— Your instructions —
Would you transcribe each entry precisely as it stands, setting aside any images?

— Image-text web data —
=== Begin Enclosure ===

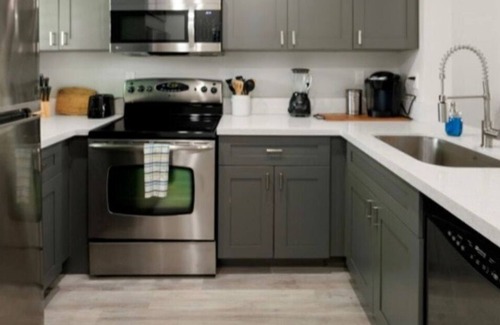 Rock Harbor Condominio | Charming 2-bedroom condo located in the enchanting Landings of Largo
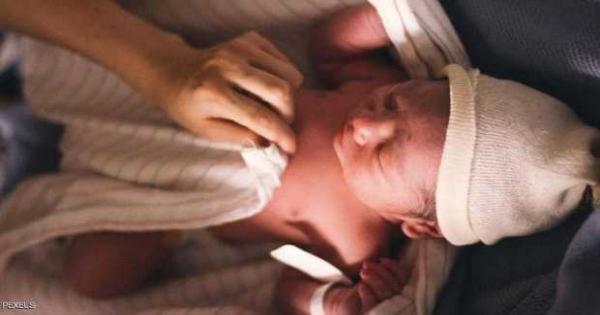 فيديو.. سيدة تضع مولودها علي متن طائرة : لم أكن أعلم أنى حامل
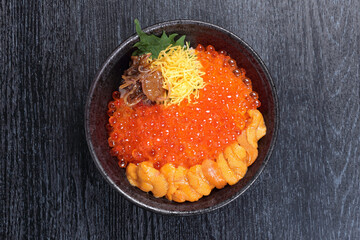ウニといくらの丼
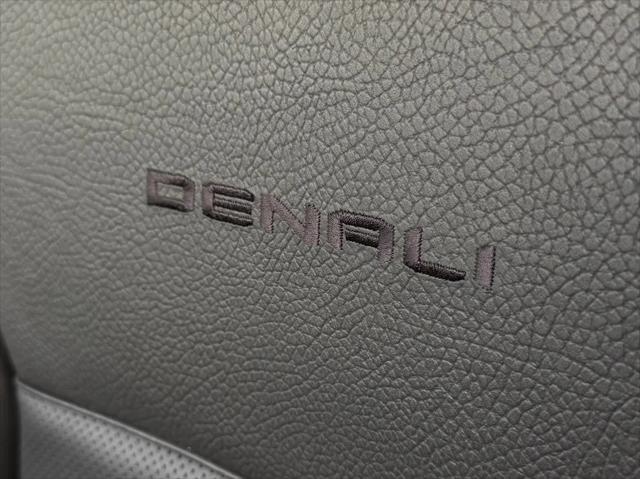 2022 GMC Yukon 4WD Denali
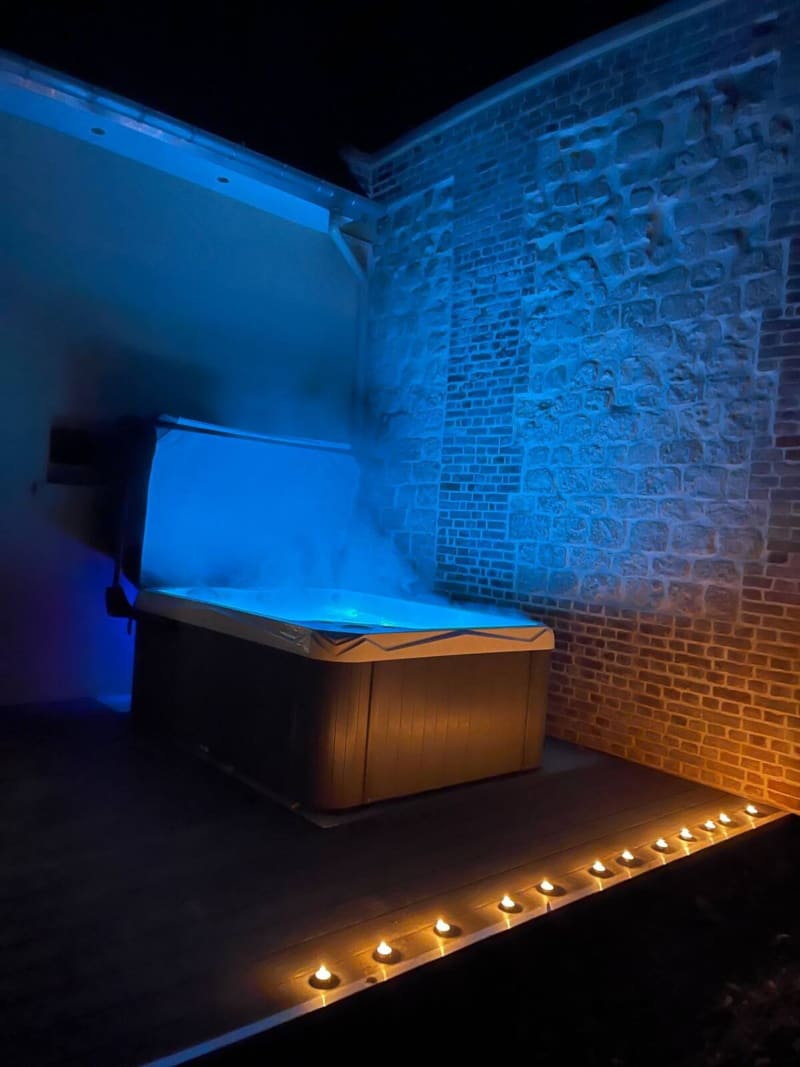 Jacuzzi intérieur illuminé avec éclairage LED bleu à la villa Le gîte d'Emma des Gites De Flaubert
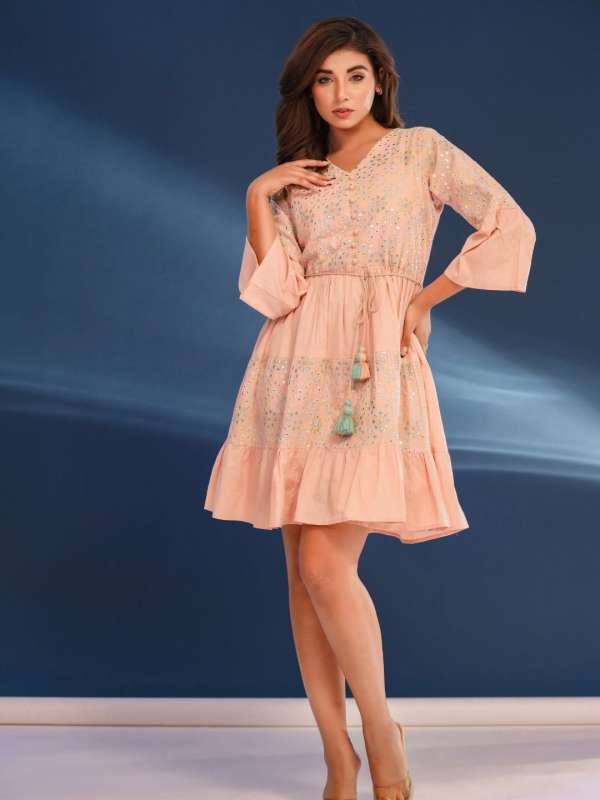 Peach colored shop summer dresses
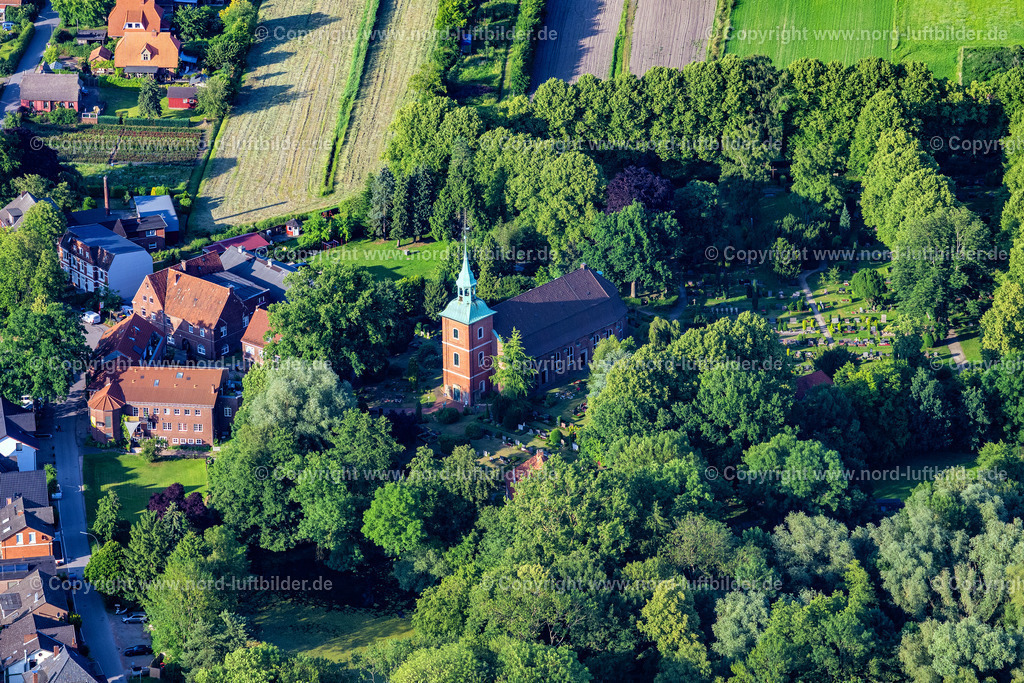 Hamburg_Ochsenwerder_St_Pankratius_ELS_6316160625 | HAMBURG 16.06.2025 Kirchengebäude " St. Pankratius - Ev.-luth. Kirchengemeinde St. Pankratius " an der Straße Alter Kirchdeich im Ortsteil Ochsenwerder in Hamburg, Deutschland. // Church building " St. Pankratius - Ev.-luth. Kirchengemeinde St. Pankratius " on street Alter Kirchdeich in the district Ochsenwerder in Hamburg, Germany. Foto: Martin Elsen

=== End Enclosure ===

— Exercise answer —
 Rock Harbor Condominio | Charming 2-bedroom condo located in the enchanting Landings of Largo
 فيديو.. سيدة تضع مولودها علي متن طائرة : لم أكن أعلم أنى حامل
ウニといくらの丼
 2022 GMC Yukon 4WD Denali
 Jacuzzi intérieur illuminé avec éclairage LED bleu à la villa Le gîte d'Emma des Gites De Flaubert
 Peach colored shop summer dresses
 Hamburg_Ochsenwerder_St_Pankratius_ELS_6316160625 | HAMBURG 16.06.2025 Kirchengebäude " St. Pankratius - Ev.-luth. Kirchengemeinde St. Pankratius " an der Straße Alter Kirchdeich im Ortsteil Ochsenwerder in Hamburg, Deutschland. // Church building " St. Pankratius - Ev.-luth. Kirchengemeinde St. Pankratius " on street Alter Kirchdeich in the district Ochsenwerder in Hamburg, Germany. Foto: Martin Elsen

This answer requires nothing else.